In order to extract oil from these intractable seeds, manufacturers must apply gargantuan amounts of damaging pressure and heat, then more heat to bleach, deodorize and clarify them before they are bottled. They are damaged further as they sit on store shelves for months, exposed to constant light, usually in clear glass or plastic bottles, before being heated once again for cooking.
All this heat, light and pressure wreaks havoc on these delicate and relatively unstable oils, causing a chemical change, oxidation, that triggers domino-style damage all over the body, but particularly in the brain.


Nevertheless, vegetable oils, with their damaged omega-6 fatty acids, are the staple of all processed foods, most restaurants—and many home kitchens. Mercola and DiNicolantonio report that the use of soybean oil has increased over 1,000 percent in the 1990s alone.


Small wonder that we consume 30 times more omega-6 fats than brain-healthy omega-3s.
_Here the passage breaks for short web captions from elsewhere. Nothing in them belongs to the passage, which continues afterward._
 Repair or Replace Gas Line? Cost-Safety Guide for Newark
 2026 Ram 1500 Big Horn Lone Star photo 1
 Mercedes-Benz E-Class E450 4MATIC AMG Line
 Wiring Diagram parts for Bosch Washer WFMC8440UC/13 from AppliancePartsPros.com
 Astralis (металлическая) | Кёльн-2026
The problem with this imbalance is that omega-6 causes inflammation, while omega-3 extinguishes it. With the entire house on fire, filled to the brim with damaged vegetable oils, we would need truckloads of fish oils to quench the fires we're brewing inside ourselves.


The other piece of this puzzle is that dementia and AD also result from a 'starving brain,' which has a reduced uptake of glucose due to impaired insulin sensitivity. Small wonder that AD has been called 'type 3 diabetes.'


The good news is that both Mercola and Bredesen have discovered ways to recondition a brain on suicide alert. In our special report, WDDTY details Bredesen's protocol—one of the first comprehensive programs proven to reverse early Alzheimer's in 100 patients studied by 16 researchers from clinics across the US and Australia, both on cognitive tests and also brain imaging. Bredesen claims to have reversed AD in at least 1,000 patients. Only those in advanced stages see no improvement.
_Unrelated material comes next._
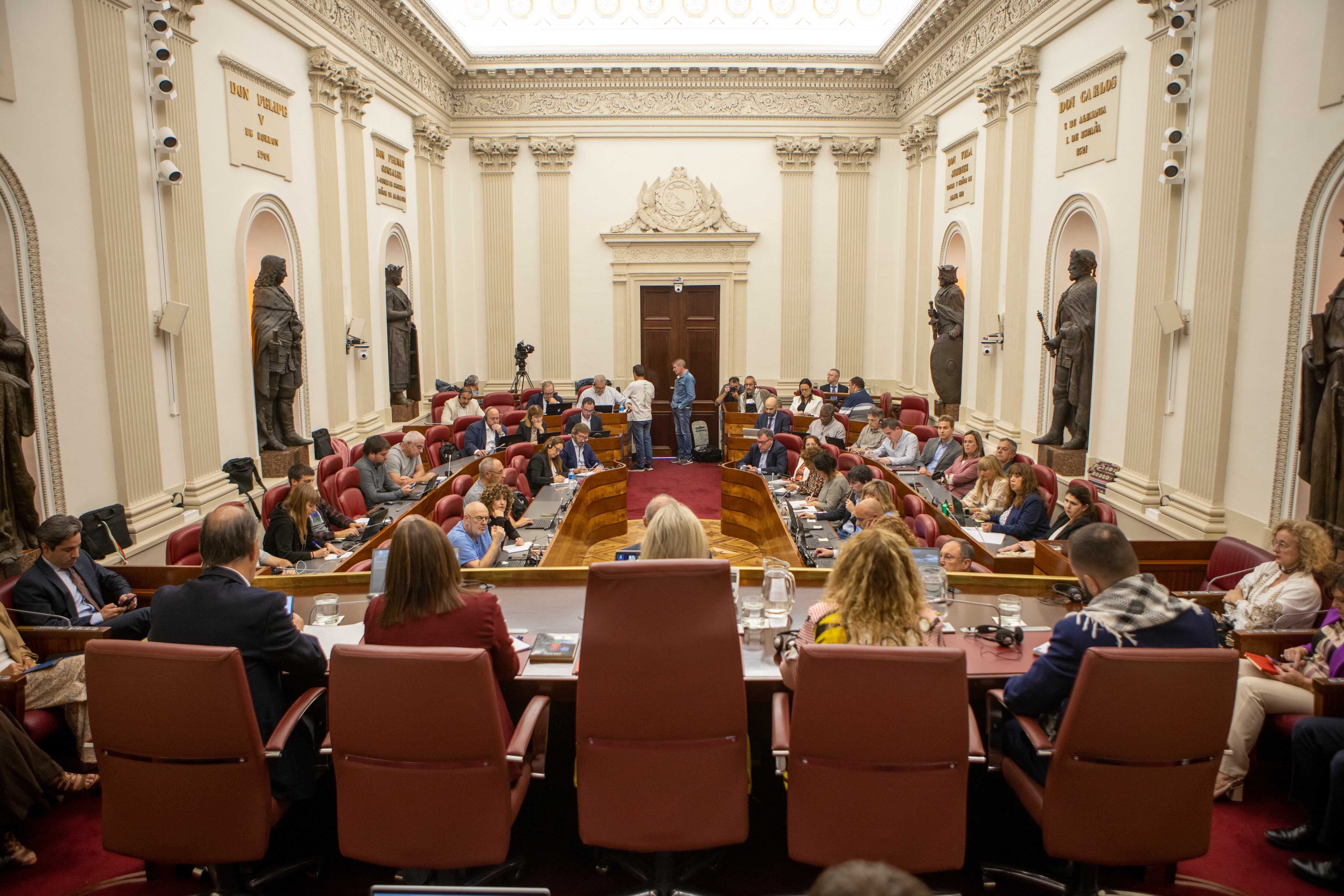 Juntas Generales de Álava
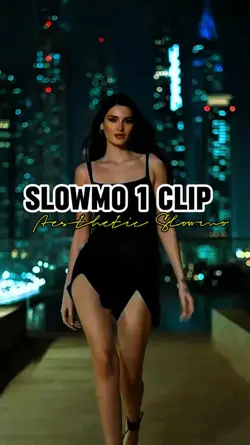 Slowmo 1 Clip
Dr Mercola's program mimics that to some extent, but focuses on the need to avoid vegetable oils at all costs and to ingest omega-3 fatty acids in far larger amounts than we've been accustomed to.


The bottom line, as we're discovering, is that AD isn't inevitable, even if you have a certain high-risk genetic profile. Keeping your marbles into old age has everything to do with what you choose to feed your body—particularly what you choose to feed your head.